What lens did you use?
What camera was this taken with?
I've asked these very same questions which I now find myself being asked. It is, without a doubt, very flattering when someone takes the time to ask a question about a photo I've taken. No matter what that question might be, for a picture to evoke a positive response is a real buzz.
Cameras are exciting gadgets to own and obsession with photographic gear can be a trap which can be all too easy to fall into. However, when it comes down to it, a camera is just a tool. If a carpenter builds some stairs, you don't ask them what hammer they used to build them, because it has no bearing on the outcome of the stairs. A camera is simply a tool for capturing a moment. The hard work is over by the time you decide to press the shutter.
Once upon a time, I would obsess over my camera equipment, always wanting a new lens or more megapixels, and believe me I've owned some 'rubbish' gear over the years. But with every new purchase, I'd take the same photos, in the same way, with the same outcome. Now, Looking back the camera or lens was never an influential part of the process. I eventually learned through studying other photographers work that the best photography was solely down to talent and experience.
Yes, you have the medium format monsters from the likes of Hasselblad and Phase One, along with the full frame snobbery so commonly filling those often toxic internet forums. I used to drool over the fantasy of owning one of those megapixel behemoths. Now I have no interest in any camera other than the one I own. OK, OK, I want a Fujifilm GFX! I did say gear envy was an easy trap to fall into, didn't I?
Joking aside (I'm not, I want a GFX), the way I got over my obsession with new camera gear was to imagine, what photographs would a great photographer take if they wandered the streets with my camera? The answer. Amazing photographs. It's that simple.
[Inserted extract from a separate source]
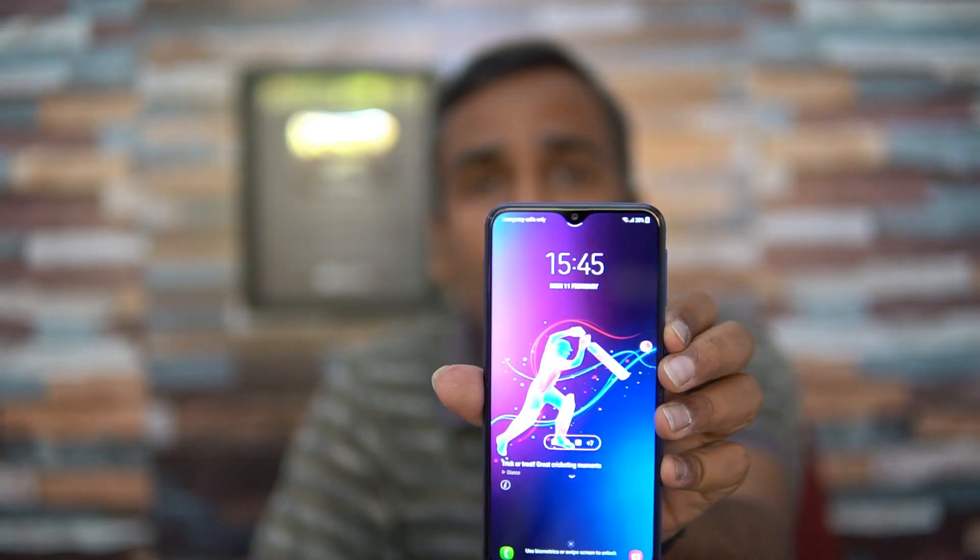Price-wise and specification-wise, the M20 is pretty good hardware. It comes with the new Exynos 7904 octa-core chipset. It may not be as good as the Snapdragon 636 or 660, but it's still a decent chipset. It also has a large 5000mAh battery, face unlock, fingerprint scanner, dual camera setup, and a dewdrop notch — overall a good package.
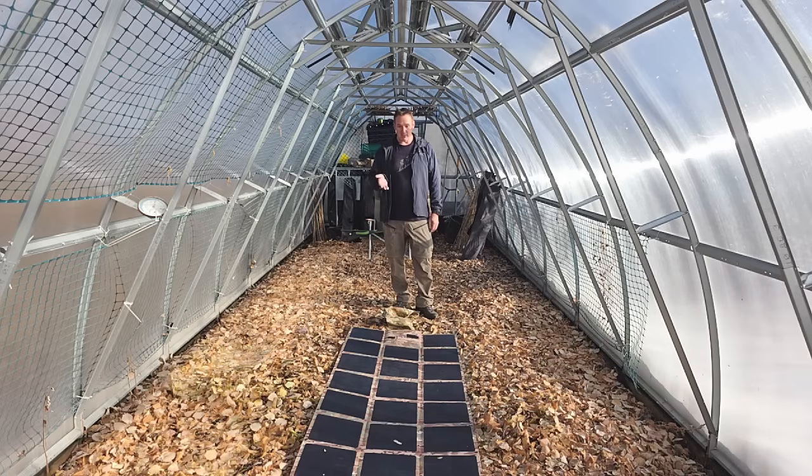I believe we are literally the lightest 300-watt solar blanket available on the market. You guys asked for it to be lighter, so we made it lighter — 9.9 pounds, which is quite exciting.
The internet is full of irritating quotes, such as "the best camera is the one in your hand", and the classic "your eyes are the best camera". And while these sayings do sound like annoying, pompous waffle lifted from a photography book, they're true, and they'll save you a fortune while helping you to identify genuine ways to improve your skills as a photographer.
So, back to the question which kicked off this ramble.
What lens did you use?
I used my eyes. Haha what an arse! But that's the point, stop caring, get out and shoot with the gear you own, confident in the knowledge that whatever tool you use to take a photo, it's more than up to the task.
Now where the dickens is that GFX. Did I mention I want one?